I always assumed that draining a swamp was a one-time deal. You drain the swamp, it’s not a swamp anymore, you build a city on top of your new not-swamp. But the pink-and-purple pipes in Berlin have taught me otherwise: however long you build on a swamp, the groundwater stays just below the surface, where it needs to be pumped out of every new construction site. In Berlin this job is done by above-ground pipes in Easter egg colors that carry the water to the nearest canal. Apparently a lot of people take these pipes – especially the ones at Potsdamer Platz – for a Centre Pompidou-style art installation. This weekend I discovered that following one of these pastel pipelines until you find the canal into which it is dumping swamp water can make for a surprisingly fun kids’ activity.
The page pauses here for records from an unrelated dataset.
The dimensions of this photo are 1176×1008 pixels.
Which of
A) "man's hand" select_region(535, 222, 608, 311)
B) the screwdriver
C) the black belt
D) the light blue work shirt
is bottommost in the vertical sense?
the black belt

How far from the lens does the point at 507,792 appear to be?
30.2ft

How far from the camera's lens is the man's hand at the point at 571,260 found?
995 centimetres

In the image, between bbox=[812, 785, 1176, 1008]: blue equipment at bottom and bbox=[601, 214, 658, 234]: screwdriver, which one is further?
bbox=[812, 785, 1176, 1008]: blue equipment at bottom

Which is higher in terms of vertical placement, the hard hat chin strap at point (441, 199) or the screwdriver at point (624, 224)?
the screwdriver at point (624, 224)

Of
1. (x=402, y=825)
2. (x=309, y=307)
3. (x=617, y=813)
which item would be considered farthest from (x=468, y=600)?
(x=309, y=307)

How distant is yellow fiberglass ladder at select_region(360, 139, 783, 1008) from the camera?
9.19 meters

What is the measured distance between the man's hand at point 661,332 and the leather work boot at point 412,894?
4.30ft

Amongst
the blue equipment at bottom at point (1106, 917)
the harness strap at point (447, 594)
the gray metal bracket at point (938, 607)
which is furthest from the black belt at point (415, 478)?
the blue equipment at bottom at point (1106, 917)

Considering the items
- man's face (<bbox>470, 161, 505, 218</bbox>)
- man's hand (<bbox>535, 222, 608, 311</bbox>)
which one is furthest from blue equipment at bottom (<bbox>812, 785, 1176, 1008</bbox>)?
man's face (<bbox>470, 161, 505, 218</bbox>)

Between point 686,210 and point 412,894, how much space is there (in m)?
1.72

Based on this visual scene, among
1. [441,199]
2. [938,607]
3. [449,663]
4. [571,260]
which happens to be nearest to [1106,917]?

Not only is Berlin swampy, it is essentially named “swamp city”: the root berl- means “swamp” in the intriguing-sounding extinct West Slavic language Polabian. Last Saturday my son and I were cycling through Mitte, the heart of the swamp. He was in a scientific sort of mood – he’d insisted on packing a magnifying glass in his jacket pocket – and wanted to stop to look at a building site. Once there he was drawn to the swampwater pipes, perhaps because the colors pink and purple attract small children. I explained what the pipeline was for and we started following it. It snaked across lawns and between buildings and along sidewalks until it emptied out into the Spreekanal. Just before the canal you could hear the rush of the water if you put your ear next to the pipe.
One of the great effortlessly defiant things about children is that how much they enjoy a given activity rarely correlates with how fun for them adults have deemed it. They totally defy the distinctions grown-ups draw between Designated Special Fun and the quotidian. You drag the kid across town to see the new baby elephant at the zoo and she’s only interested in the line of ants on a tree near the elephants. You take the kid on vacation to Spain and he remembers it only as “where I ate a croissant with chocolate sprinkles on the train”. My son enjoyed the swampwater pipeline far more than the carnival rides and face painting at the pumpkin festival I took him to the previous weekend for the Express Purpose of Children’s Fun.
Also: if you are interested in both construction materials and the colors pink and purple, or find yourself in Mitte with a three-to-six-year-old, I recommend checking out the pile of piping components currently on Schlossplatz (as seen in photos above).